Einer is(s)t glücklich. Zwei dürfen sich beschweren. Fair ist fair.

Ich habe ein Problem. Okay. Zugegeben, ich hab sicher mehrere. Aber eines, das mich im Moment besonders beschäftigt, betrifft die Ernährungsgewohnheiten meiner Jüngsten. Also, hier von Ernährungsgewohnheiten zu sprechen, wenn es sich um eine Zweijährige handelt, ist sicher nicht ganz korrekt. Vermutlich müsste es die bevorzugten Ernährungsweisen heißen, aber wer nimmt das schon so genau.

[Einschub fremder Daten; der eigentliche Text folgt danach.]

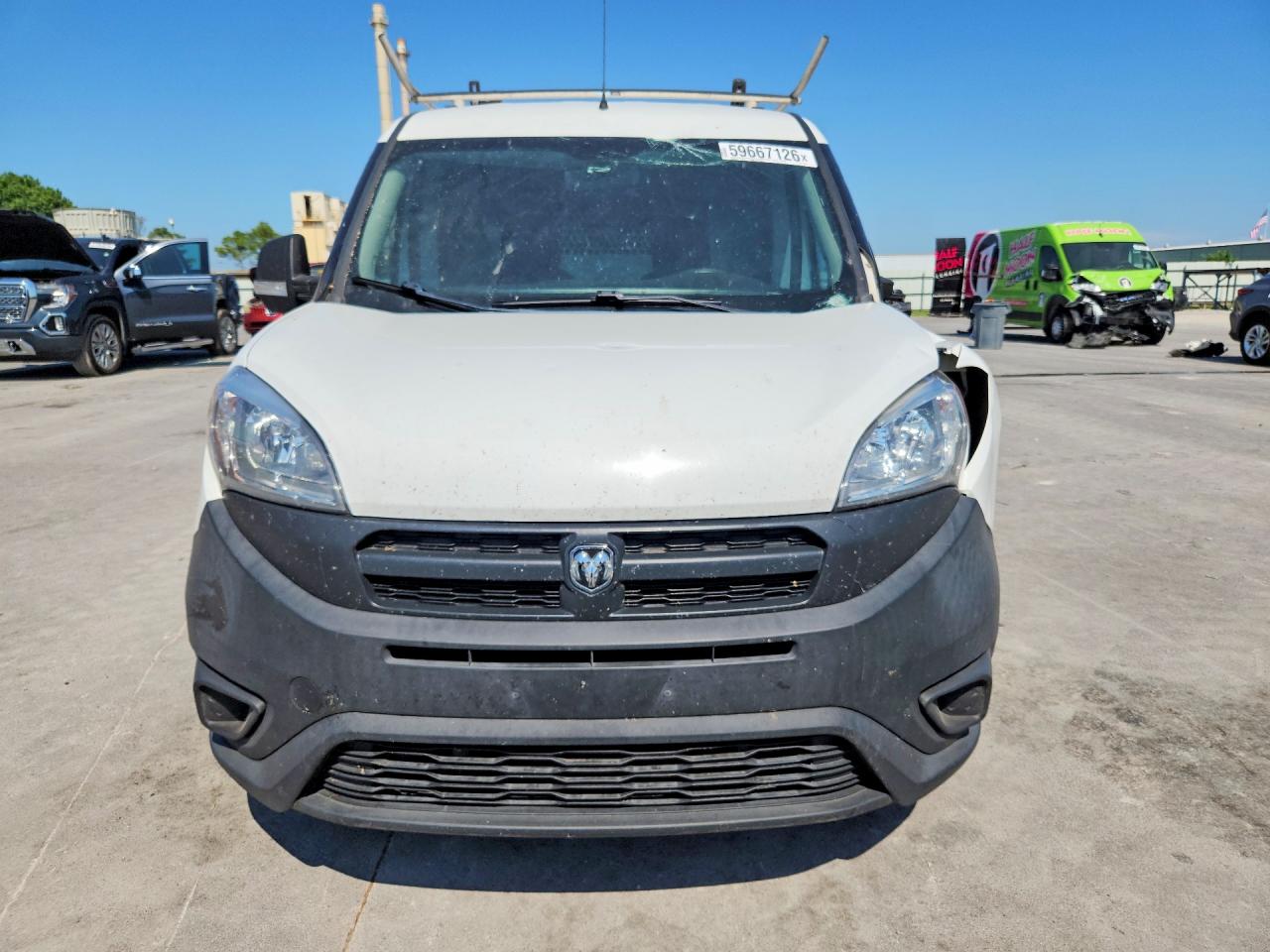 2018 RAM PROMASTER CITY — снимка 5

Es geht auf alle Fälle um Folgendes: Mein Kind isst mit Vorliebe Fleisch bzw. stark gewürzte Wurst. Hört sich ja jetzt gar nicht so schlimm an. Aber wenn ein kleines Mädchen den ganzen Tag am liebsten die dicksten Cabanossis und Salami essen würde und das meiste andere vehement verweigert, wird es schon schwieriger. Unlängst waren wir zu Gast am Grundlsee. Mädimausi und ihren Fleischtick fanden alle süß. Bis sie den anderen sieben Anwesenden beim Frühstück auch noch den Rest des ganzen Aufschnittes weggefuttert hat.

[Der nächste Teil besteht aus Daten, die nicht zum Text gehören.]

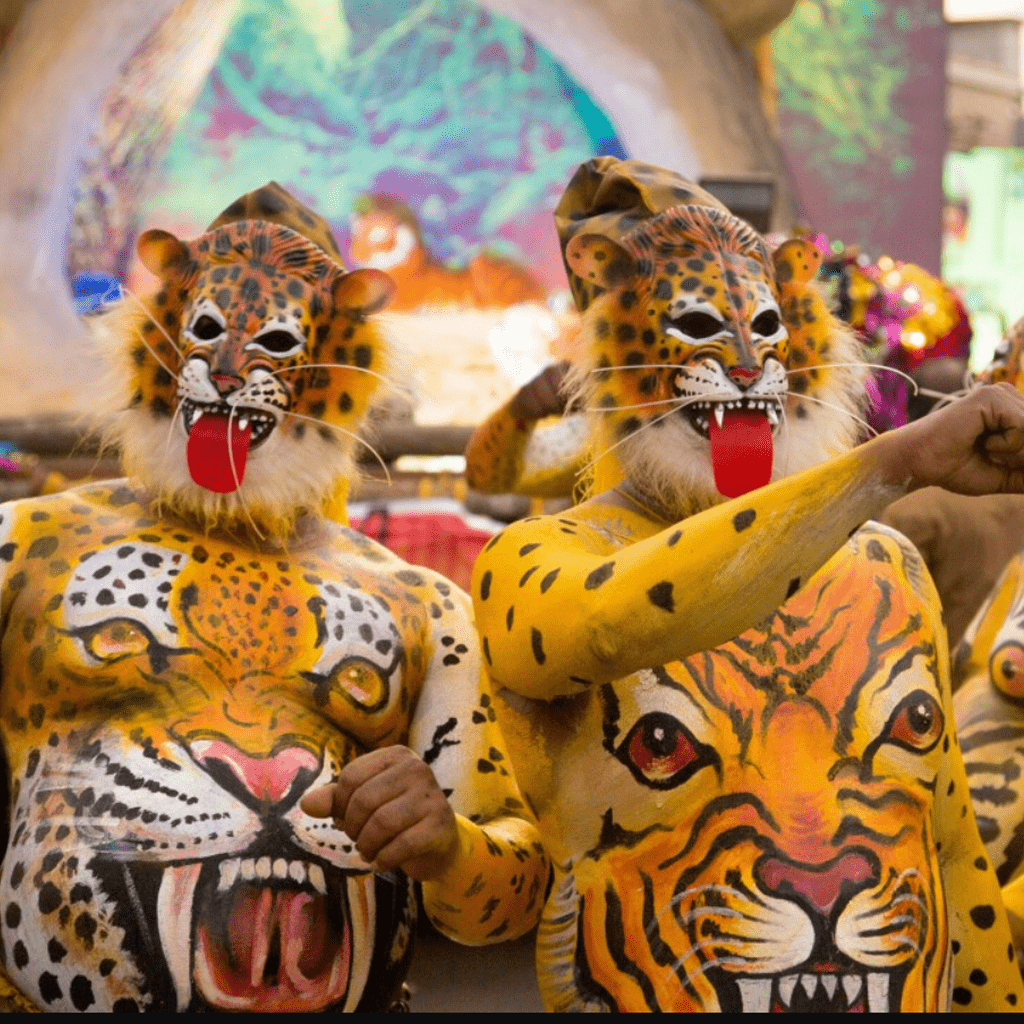 Festival Maha Onam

Denn kaum war die Salami weg, kam gnädiger Weise der Schinken dran. Semmel oder Brot wurde nur unter Androhung von absolutem Fleischverbot gegessen. Und auch nur wenig. Im gekochten Zustand werden ebenfalls alle Beilagen und Gemüsesorten verweigert. Zum Glück isst sie im Rohzustand Gemüse und Obst. Also bekommt die Jüngste dann zu Mittag einen Teller mit Fleisch und Rohkost. Sogar Nudeln werden abgelehnt. Außer ich ertränke sie in Sauce Bolognese, sodass sie nicht auffallen. Trennkost der Extraklasse.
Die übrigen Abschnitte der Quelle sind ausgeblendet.